Long Island's Nassau County Can't Catch Break From Bond Analysts

  • Nassau Cut 1,600 jobs and reduced borrowing but lacks reserves
  • Nassau County plans $270 million debt refinancing Tuesday

Long Island’s Nassau County has cut 1,600 jobs, reduced its borrowing to pay for tax appeals and renegotiated labor contracts. That’s still not enough to restore the faith of some bond analysts.

Nassau, which is refinancing $270 million of debt Tuesday with borrowing costs at the lowest since 2013, had its credit-rating outlook changed to negative by Standard & Poor’s last week, indicating it could be downgraded from A+, the fifth-highest investment grade. The company said Nassau exhausted reserves even after the economy recovered from the Great Recession.

The 15th wealthiest county in the U.S. gets almost 40 percent of its revenue from sales taxes, leaving it vulnerable to a slowing economy, said Ted Molin, senior credit analyst at Wilmington Trust Co., a unit of M&T Bank Corp. that oversees $4 billion of municipal bonds. The company sold its Nassau holdings three years ago.

“Most municipalities that we’ve looked at have built up reserves, and now seem in a better position than a few years ago to withstand an economic downturn,” Molin said. “If a county hasn’t gotten its act together by now, when will it ever?”

Nassau, which borders the New York City borough of Queens to the east, is home to wealthy enclaves like Sands Point and Brookville, as well as middle and working class towns like Massapequa and Roosevelt. More than 1.3 million people live in the county, which has the highest median household income among New York’s 62 counties at $99,035.

Recession’s Legacy

While most local governments have boosted reserves as the economy grew during the last six years, the county is still contending with the legacy of the recession. Its property-tax base has declined 20 percent since 2009, according to Standard & Poor’s, as residents and businesses appealed their assessments after real estate prices tumbled. In 2011, a state oversight board imposed a wage freeze after the county failed to balance its budget.

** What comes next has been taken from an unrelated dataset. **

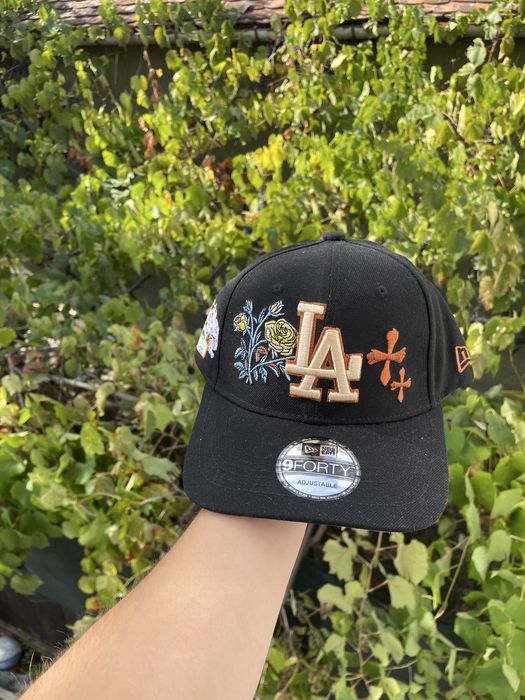 Sapca New Era Los Angeles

Last year, the county’s sales taxes fell below projections by $42 million, equal to about 4 percent of the total annual collections. To be conservative, Nassau estimates the tax will grow just 1.5 percent this year.

County Executive Edward Mangano, a Republican, has worked down the county’s backlog of refunds for successful property assessment appeals. Next year, it plans to phase out the annual borrowing that it’s been using to pay for them. The county expects that to save $950 million in debt-service costs over 20 years.

Nassau is one of two New York counties responsible for paying the whole tax refund even though property revenue is split between the county, towns and school districts. In other counties, school districts and cities are responsible for their portion of the tax bill that’s contested. For decades, Nassau borrowed as much as $100 million annually to pay the appeals.

Nassau has taken “significant steps” to reduce borrowing, but it has to do more to raise revenue and cut spending, said S&P analysts.

Negative Outlook

Last week, the rating company revised its outlook on Nassau’s $2 billion general-obligation debt to negative because the county had exhausted a $23 million fund balance. S&P rates the county one level higher than Moody’s Investors Service and Fitch Ratings.

“We’re concerned that even during the recovery following the Great Recession, the county has been unable to build reserves to higher levels,” said S&P analyst Ruth Ducret.

The county, which has the third-highest median property taxes in New York, raised them by about $30 million last year.

Eric Naughton, Nassau’s deputy county executive for finance brushed off S&P’s outlook change, saying the company didn’t lower its rating on the county’s debt. He expects strong demand for the securities being sold Tuesday, which will save the county $14 million.

“Our first goal is to keep expenses down,” Naughton said. The county increased recurring revenue by $46 million for 2016, mostly through real estate and drivers’ fees.

The spread, or risk premium, on frequently traded Nassau bonds maturing in 2039 in block sizes between $500,000 and $1 million have declined to 1.38 percentage point over top-rated debt from 1.65 percentage point over the last four months, according to data compiled by Bloomberg.

“We understand their concerns, but the county, we’re able to manage even with the narrow reserves,” Naughton said of S&P. “We have very proactive management and we’re doing many things to improve our structural balance.”